Bu sendromun tanımlanmasında tek bir farklılık veya tanı testi olmadığı için tanımlanması zor bir hastalıktır. Yüksek androjen salınımı ve anormal insülin aktivasyonu PCOS’a zemin hazırlarken, hastaların %70 inde aşırı tüylenme ve adet düzensizliği oluşmaktadır. Üreme sağlığına olan etkilerinin yanında aynı zamanda obezite, tip 2 diyabet ve kardiyovasküler hastalıklar olmak üzere, önemli bazı metabolik hastalıklar için de risk faktörüdür.

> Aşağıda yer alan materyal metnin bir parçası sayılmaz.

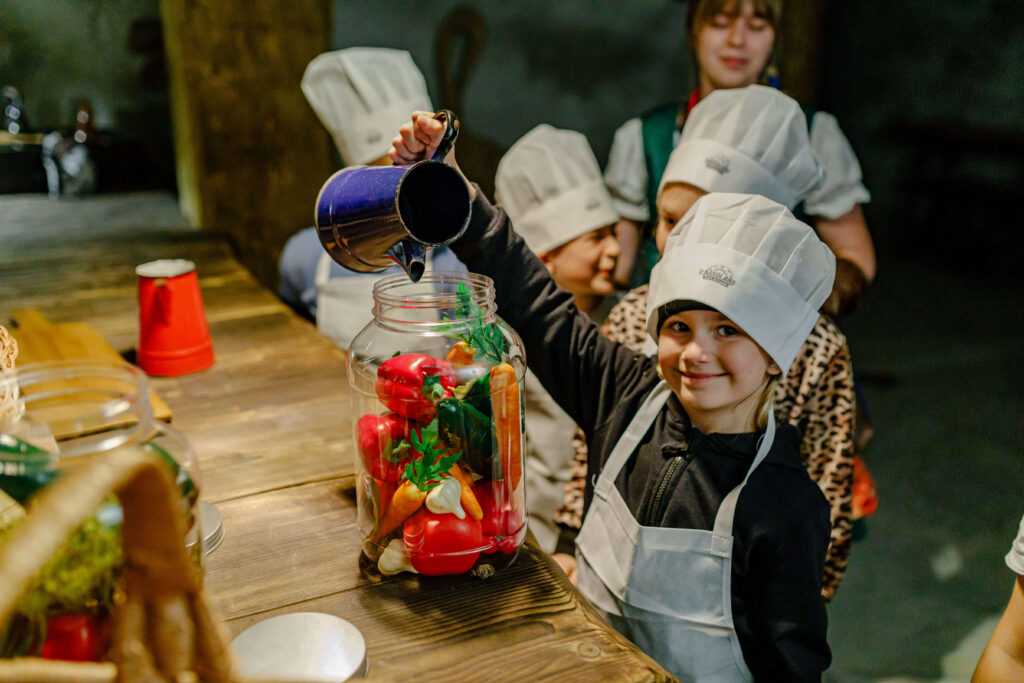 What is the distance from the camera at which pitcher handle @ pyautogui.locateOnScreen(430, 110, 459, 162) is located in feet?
4.39

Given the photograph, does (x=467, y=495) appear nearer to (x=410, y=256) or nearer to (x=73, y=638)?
(x=410, y=256)

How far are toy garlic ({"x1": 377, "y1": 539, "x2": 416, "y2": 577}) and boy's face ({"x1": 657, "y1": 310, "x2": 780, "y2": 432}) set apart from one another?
517mm

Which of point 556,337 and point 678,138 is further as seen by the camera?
point 678,138

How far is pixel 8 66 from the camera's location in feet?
16.5

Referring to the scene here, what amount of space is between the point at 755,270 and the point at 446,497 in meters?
0.64

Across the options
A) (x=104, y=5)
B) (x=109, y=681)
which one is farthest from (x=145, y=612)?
(x=104, y=5)

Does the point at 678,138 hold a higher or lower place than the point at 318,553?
higher

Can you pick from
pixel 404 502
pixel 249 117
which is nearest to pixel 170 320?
pixel 404 502

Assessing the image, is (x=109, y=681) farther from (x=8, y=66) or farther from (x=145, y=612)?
(x=8, y=66)

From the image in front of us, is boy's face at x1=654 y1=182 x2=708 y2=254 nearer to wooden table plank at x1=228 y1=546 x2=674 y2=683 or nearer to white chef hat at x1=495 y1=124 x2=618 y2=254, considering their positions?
white chef hat at x1=495 y1=124 x2=618 y2=254

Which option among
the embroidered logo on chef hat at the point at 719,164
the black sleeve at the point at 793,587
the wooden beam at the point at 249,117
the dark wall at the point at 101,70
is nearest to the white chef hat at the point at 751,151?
the embroidered logo on chef hat at the point at 719,164

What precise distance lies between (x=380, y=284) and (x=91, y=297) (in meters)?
1.88

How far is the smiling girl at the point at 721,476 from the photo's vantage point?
135 cm

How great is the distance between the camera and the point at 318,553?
1.25m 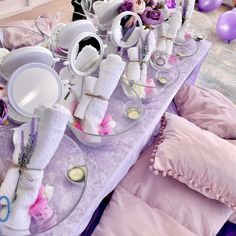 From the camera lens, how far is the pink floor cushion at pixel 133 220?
2.87 ft

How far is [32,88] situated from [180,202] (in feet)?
1.76

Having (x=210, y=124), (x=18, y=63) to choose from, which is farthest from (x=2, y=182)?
(x=210, y=124)

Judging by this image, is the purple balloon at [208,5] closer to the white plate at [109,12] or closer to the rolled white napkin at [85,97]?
the white plate at [109,12]

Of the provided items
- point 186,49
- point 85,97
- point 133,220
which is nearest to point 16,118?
point 85,97

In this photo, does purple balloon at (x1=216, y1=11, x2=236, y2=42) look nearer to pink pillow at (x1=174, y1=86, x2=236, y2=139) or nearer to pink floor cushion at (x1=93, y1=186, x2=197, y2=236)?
pink pillow at (x1=174, y1=86, x2=236, y2=139)

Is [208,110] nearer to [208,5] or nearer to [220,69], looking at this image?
[220,69]

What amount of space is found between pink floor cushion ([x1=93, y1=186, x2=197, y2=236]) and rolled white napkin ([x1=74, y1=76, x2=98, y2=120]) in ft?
0.90

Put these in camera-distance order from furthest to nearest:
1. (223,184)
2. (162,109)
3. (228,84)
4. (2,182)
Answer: (228,84)
(162,109)
(223,184)
(2,182)

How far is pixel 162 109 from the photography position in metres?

POLİKİSTİK OVER SENDROMU BELİRTİLERİ NELERDİR?
- Polikistik over sendromuna sahip kadınlarda adet düzensizliği ve menstrüal döngünün bozulması çok sık karşılaşılan belirtilerden birisidir.
- İnfertilite yani kısırlık görülebilmektedir.
- Erkek tipi kıllanma olarak tanımlanan Hirşutizm, kadınlarda androjen hormon üretiminin veya androjen hormonlara duyarlılığının artması sonucu meydana gelen klinik bir bulgudur. Özellikle vücudun yüz, göğüs ve sırt gibi bölgelerinde erkek benzeri sert, koyu renkli yoğun kıllanma görülmektedir.
- Bu kişilerde akne oluşumu artabilmektedir.
- Alopesi (saçkıran) gibi saçlarda dökülme veya seyrelme olabilmektedir.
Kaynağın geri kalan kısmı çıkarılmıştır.